Records contained in a dataset
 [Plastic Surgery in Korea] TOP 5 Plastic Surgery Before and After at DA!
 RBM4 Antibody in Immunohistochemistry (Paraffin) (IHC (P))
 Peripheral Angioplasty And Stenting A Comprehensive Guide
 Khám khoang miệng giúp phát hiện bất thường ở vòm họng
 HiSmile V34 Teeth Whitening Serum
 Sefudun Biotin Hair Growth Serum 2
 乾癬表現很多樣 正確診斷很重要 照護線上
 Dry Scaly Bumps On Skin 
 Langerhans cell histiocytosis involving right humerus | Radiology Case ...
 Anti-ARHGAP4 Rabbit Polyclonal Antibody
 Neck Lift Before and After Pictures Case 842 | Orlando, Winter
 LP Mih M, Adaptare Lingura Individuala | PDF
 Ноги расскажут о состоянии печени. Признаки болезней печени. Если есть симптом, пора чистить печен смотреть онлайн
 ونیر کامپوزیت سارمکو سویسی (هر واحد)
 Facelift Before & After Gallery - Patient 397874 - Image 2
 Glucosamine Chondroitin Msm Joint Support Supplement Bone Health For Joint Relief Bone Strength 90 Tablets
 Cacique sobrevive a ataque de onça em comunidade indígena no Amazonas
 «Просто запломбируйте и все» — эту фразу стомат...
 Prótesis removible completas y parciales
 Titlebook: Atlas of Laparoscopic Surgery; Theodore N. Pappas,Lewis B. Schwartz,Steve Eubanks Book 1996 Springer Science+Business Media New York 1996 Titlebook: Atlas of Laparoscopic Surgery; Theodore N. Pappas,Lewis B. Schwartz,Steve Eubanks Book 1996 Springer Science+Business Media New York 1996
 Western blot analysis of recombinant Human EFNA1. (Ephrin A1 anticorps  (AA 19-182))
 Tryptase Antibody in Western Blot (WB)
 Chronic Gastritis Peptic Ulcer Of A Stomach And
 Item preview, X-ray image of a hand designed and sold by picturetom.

# Work required:
Reproduce every line of the data so that nothing differs from the original.

# Result of this task:
 [Plastic Surgery in Korea] TOP 5 Plastic Surgery Before and After at DA!
 RBM4 Antibody in Immunohistochemistry (Paraffin) (IHC (P))
 Peripheral Angioplasty And Stenting A Comprehensive Guide
 Khám khoang miệng giúp phát hiện bất thường ở vòm họng
 HiSmile V34 Teeth Whitening Serum
 Sefudun Biotin Hair Growth Serum 2
 乾癬表現很多樣 正確診斷很重要 照護線上
 Dry Scaly Bumps On Skin 
 Langerhans cell histiocytosis involving right humerus | Radiology Case ...
 Anti-ARHGAP4 Rabbit Polyclonal Antibody
 Neck Lift Before and After Pictures Case 842 | Orlando, Winter
 LP Mih M, Adaptare Lingura Individuala | PDF
 Ноги расскажут о состоянии печени. Признаки болезней печени. Если есть симптом, пора чистить печен смотреть онлайн
 ونیر کامپوزیت سارمکو سویسی (هر واحد)
 Facelift Before & After Gallery - Patient 397874 - Image 2
 Glucosamine Chondroitin Msm Joint Support Supplement Bone Health For Joint Relief Bone Strength 90 Tablets
 Cacique sobrevive a ataque de onça em comunidade indígena no Amazonas
 «Просто запломбируйте и все» — эту фразу стомат...
 Prótesis removible completas y parciales
 Titlebook: Atlas of Laparoscopic Surgery; Theodore N. Pappas,Lewis B. Schwartz,Steve Eubanks Book 1996 Springer Science+Business Media New York 1996 Titlebook: Atlas of Laparoscopic Surgery; Theodore N. Pappas,Lewis B. Schwartz,Steve Eubanks Book 1996 Springer Science+Business Media New York 1996
 Western blot analysis of recombinant Human EFNA1. (Ephrin A1 anticorps  (AA 19-182))
 Tryptase Antibody in Western Blot (WB)
 Chronic Gastritis Peptic Ulcer Of A Stomach And
 Item preview, X-ray image of a hand designed and sold by picturetom.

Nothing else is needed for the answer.